[ASSIGNED TASK]
Beneath this task are records; print exactly the stretch of them from the line with "Кусок торта на" through the line with "an empty room with windows and closet", both ends included.
--- TASK MATERIAL Enclosed Below ---
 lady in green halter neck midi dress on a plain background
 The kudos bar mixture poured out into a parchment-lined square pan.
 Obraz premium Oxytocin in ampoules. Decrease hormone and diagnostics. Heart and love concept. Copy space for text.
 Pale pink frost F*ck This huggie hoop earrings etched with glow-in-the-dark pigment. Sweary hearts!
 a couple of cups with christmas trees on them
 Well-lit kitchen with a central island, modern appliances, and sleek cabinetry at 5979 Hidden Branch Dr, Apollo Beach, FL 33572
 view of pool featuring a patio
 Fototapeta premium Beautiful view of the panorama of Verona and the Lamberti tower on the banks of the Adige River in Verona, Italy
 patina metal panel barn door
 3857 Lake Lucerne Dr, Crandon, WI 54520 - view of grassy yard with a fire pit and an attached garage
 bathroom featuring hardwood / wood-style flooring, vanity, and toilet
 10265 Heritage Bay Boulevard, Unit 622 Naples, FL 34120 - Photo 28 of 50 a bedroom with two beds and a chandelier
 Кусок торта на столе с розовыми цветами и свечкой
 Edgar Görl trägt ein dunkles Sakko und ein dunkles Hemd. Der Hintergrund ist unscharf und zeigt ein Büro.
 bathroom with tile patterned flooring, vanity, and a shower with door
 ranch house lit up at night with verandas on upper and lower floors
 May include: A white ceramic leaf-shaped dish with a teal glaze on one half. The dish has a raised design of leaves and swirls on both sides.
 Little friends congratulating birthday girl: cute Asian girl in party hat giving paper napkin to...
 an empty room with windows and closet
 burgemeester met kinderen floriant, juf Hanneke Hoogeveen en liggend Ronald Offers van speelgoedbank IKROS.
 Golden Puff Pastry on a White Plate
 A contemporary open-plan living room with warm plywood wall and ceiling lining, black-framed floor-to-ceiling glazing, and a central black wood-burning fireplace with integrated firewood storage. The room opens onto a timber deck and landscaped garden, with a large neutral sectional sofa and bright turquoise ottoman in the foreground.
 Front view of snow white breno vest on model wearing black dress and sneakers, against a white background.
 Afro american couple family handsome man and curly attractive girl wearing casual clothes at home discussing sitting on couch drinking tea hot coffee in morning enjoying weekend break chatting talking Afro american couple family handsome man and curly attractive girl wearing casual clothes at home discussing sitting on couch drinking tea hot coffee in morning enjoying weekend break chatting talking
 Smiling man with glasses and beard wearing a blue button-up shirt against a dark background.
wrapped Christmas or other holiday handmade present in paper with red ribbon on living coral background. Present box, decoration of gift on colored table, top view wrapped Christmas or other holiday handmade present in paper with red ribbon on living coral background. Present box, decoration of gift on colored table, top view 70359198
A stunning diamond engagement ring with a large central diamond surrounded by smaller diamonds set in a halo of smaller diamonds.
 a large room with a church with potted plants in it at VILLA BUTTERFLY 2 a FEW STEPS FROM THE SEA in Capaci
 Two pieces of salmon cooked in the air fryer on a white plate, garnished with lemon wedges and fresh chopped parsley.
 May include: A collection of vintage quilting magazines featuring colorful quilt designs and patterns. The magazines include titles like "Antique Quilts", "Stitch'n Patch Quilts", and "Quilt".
--- End of Enclosed TASK MATERIAL ---
[REPLY]
 Кусок торта на столе с розовыми цветами и свечкой
 Edgar Görl trägt ein dunkles Sakko und ein dunkles Hemd. Der Hintergrund ist unscharf und zeigt ein Büro.
 bathroom with tile patterned flooring, vanity, and a shower with door
 ranch house lit up at night with verandas on upper and lower floors
 May include: A white ceramic leaf-shaped dish with a teal glaze on one half. The dish has a raised design of leaves and swirls on both sides.
 Little friends congratulating birthday girl: cute Asian girl in party hat giving paper napkin to...
 an empty room with windows and closet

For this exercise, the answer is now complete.